— YOUR OBJECTIVE —
The entire listing, reproduced exactly and stripped of images, is the expected output.

— INPUT FOR THIS TASK —

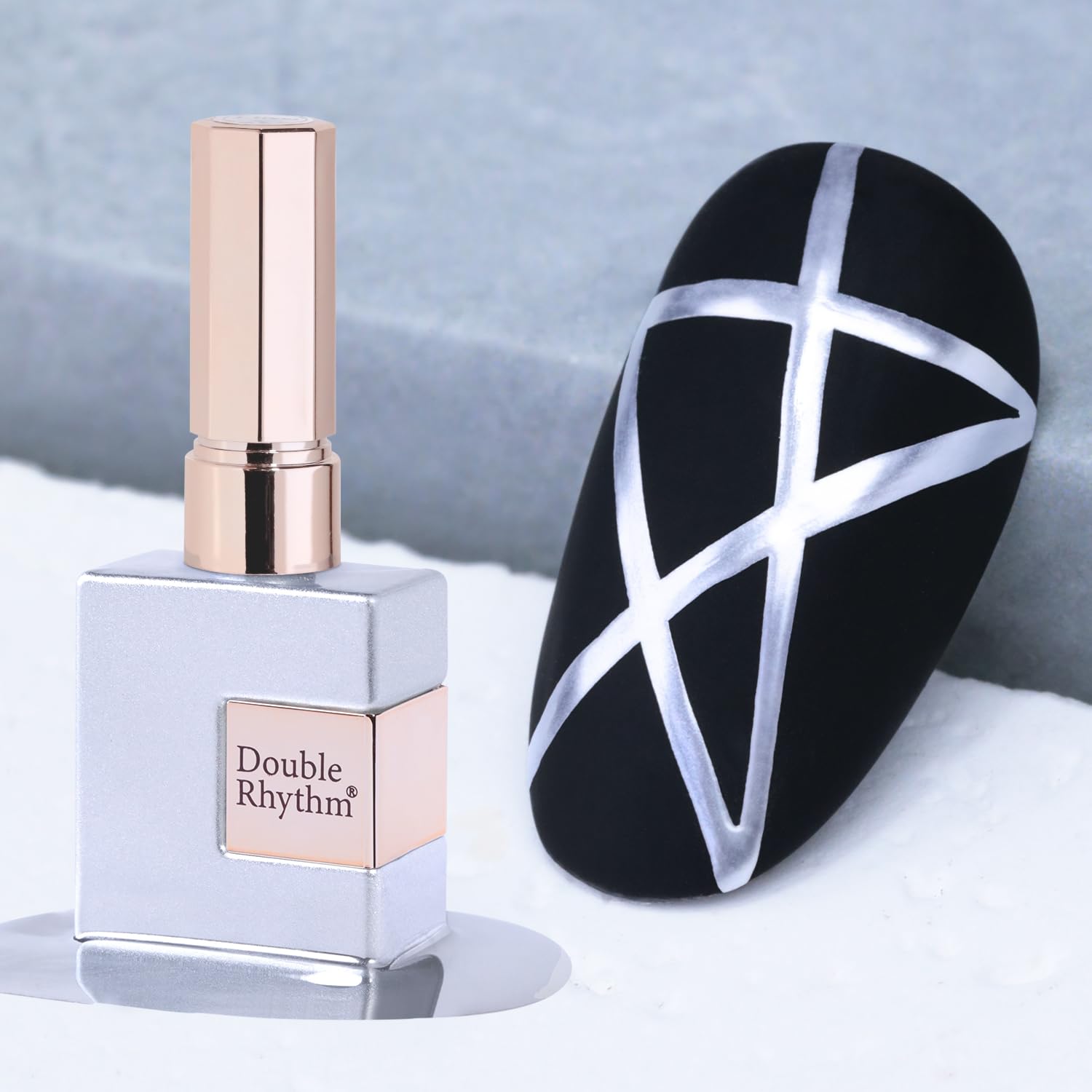 Double Rhythm 15 Ml Metallic Gel Liner Nail Art Bronze Mirror Chrome Painted Drawing Stripper 3D Effect Polish (White Liner Art -L1006) : Beauty & Personal Care
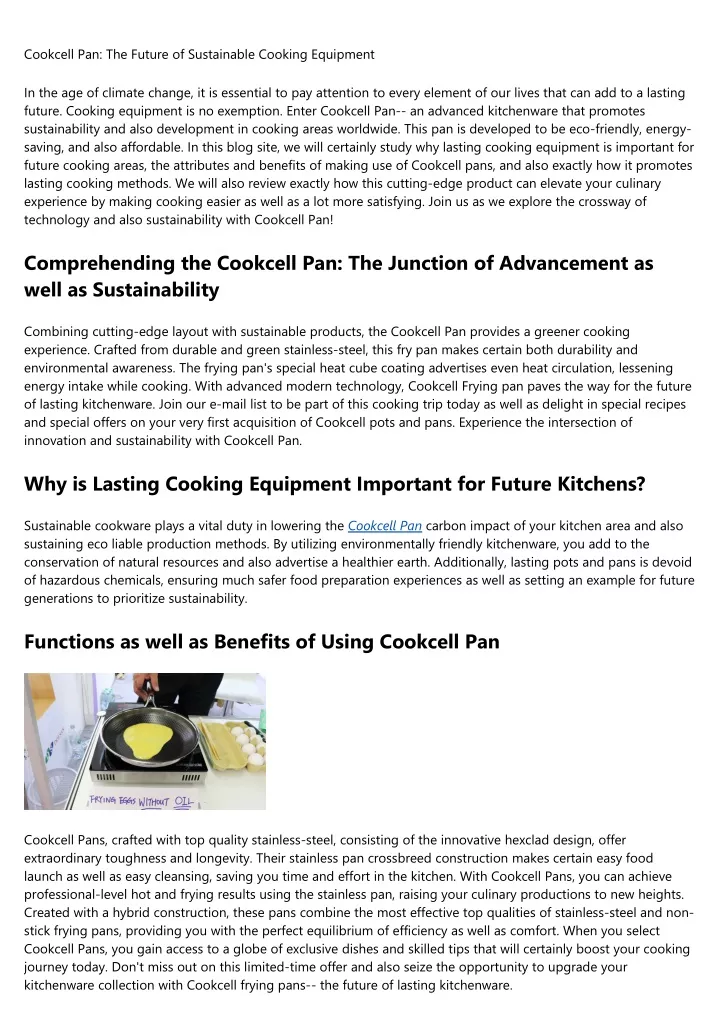 cookcell pan the future of sustainable cooking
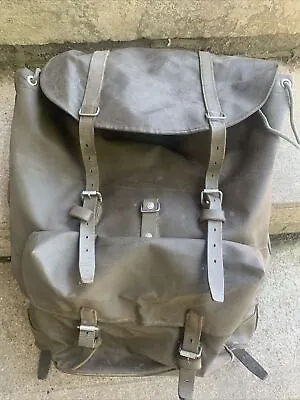 VTG Swiss Army Rubberized Waterproof & Leather Military Rucksack Backpack War • $64.99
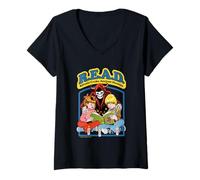 Womens READ Ancient Demon Sarcastic Retro Vintage Funny Adult Humor V-Neck T-Shirt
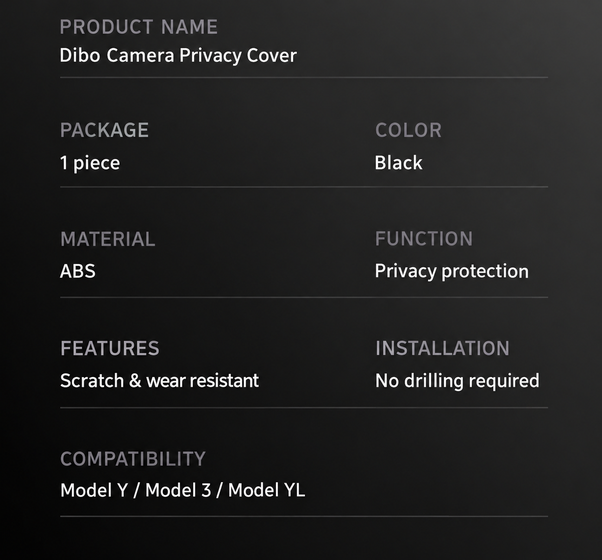Dibo Sliding Cabin Camera Privacy Cover for Tesla Model 3 / Model Y / Model Y L – English product detail 4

— EXPECTED OUTPUT —
 Double Rhythm 15 Ml Metallic Gel Liner Nail Art Bronze Mirror Chrome Painted Drawing Stripper 3D Effect Polish (White Liner Art -L1006) : Beauty & Personal Care
 cookcell pan the future of sustainable cooking
 VTG Swiss Army Rubberized Waterproof & Leather Military Rucksack Backpack War • $64.99
 Womens READ Ancient Demon Sarcastic Retro Vintage Funny Adult Humor V-Neck T-Shirt
Dibo Sliding Cabin Camera Privacy Cover for Tesla Model 3 / Model Y / Model Y L – English product detail 4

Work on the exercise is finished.